Interfaith World - David E. Anderson


A Reader's Digest Article Critical of the Interfaith World...

By DAVID E. ANDERSON, UPI Religion Writer



WASHINGTON -- A Reader's Digest article critical of the interfaith World Council of Churches was called 'biased and unfairly negative' Tuesday by a group of U.S. church leaders, many of them the heads of their denominations.

The council is made up of 304 Protestant and Orthodox religious bodies from around the world.

A statement signed by leaders from a broad range of U.S. Protestant and Orthodox denominations signed the statement calling the article 'a biased and unfairly negative view of the World Council unsubstantiated by facts,' and saying it was 'contrary to the realities we have personally experienced.'

The article, in the August edition of the 31-million circulation magazine, was titled 'Karl Marx or Jesus Christ?' and written by roving editor Joseph A. Harris.

Harris charged that money from the council's special voluntary fund, the Programme to Combat Racism, was used to support revolutionary guerrilla movements and 'Soviet front' groups.

The article also said the council has become political as 'its initial goal of Christian unity withered over the years.'

Charles Pintchman, spokesman for Reader's Digest in Pleasantville, N.Y., said the magazine 'stands by' the article.

'It was carefully researched and thoroughly documented.

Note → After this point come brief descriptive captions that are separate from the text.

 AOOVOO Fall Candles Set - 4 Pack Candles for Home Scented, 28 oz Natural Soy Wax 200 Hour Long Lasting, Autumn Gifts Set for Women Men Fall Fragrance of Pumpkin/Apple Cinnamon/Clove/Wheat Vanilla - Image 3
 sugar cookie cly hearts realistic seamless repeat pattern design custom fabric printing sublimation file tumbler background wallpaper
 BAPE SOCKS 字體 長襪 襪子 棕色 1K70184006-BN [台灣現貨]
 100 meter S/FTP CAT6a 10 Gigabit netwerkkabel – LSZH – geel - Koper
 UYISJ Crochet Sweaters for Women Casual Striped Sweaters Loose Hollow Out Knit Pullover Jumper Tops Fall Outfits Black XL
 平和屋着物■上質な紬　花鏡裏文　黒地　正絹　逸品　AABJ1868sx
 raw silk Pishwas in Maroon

It speaks for itself. We do not feel any purpose would be served by responding to the WCC charges,' he said.

In their reply, the American church leaders challenged the contention the Council has abandoned the cause of Christian unity and specifically cited an agreement on Baptism, Eucharist and Ministry reached earlier this year in Lima, Peru.

Considered by many theologians to be a major ecumenical breakthrough, the Lima agreement climaxed 50 years of interfaith work on some of the thorniest doctrinal issues dividing the world's Christian churches.

The U.S. leaders said the agreement shows Christian unity 'remains the vital heart of the Council's life and is primary among its purposes.'

In their statement, the U.S. leaders said they became aware of the Digest article while in Geneva for a meeting of the Council's Central Committee 'with our sisters and brothers from around the world.'

'We were therefore particularly dismayed to see that it begins by demeaning some of them as 'Bible-toting' and continues by describing others in terms of superficial stereotypes and code words which obscure the rich Christian community that we experience in the World Council of Churches.'

'To dismiss our friends and colleagues as 'anti-Western,' 'anti-capitalist,' 'Marxist,' 'leftist' etc., is to do them an injustice,' the U.S. church officials said. 'It is also to do a disservice to the readers of the Digest, many of whom are members of the churches we serve.'

Signers of the statement included: Presiding Bishop John Allin of the Episcopal Church; Dr. Arie Brouwer, head of the Reformed Church in America; Dr. Robert Campbell, head of the American Baptist Churches in the U.S.A.; Dr. Paul Crow, chief ecumenical officer of the Christian Church (Disciples of Christ); Bishop James Crumley, president of the Lutheran Church in America; the Rev. John Groenfeldt of the Moravian Church in America (Northern Province); Dr. Robert Huston, chief ecumenical officer of the United Methodist Church; the Rev. John Meyendorff of the Orthodox Church in America; Dr. Avery Post, president of the United Church of Christ, and William Thompson, Stated Clerk of the United Presbyterian Church in the U.S.A.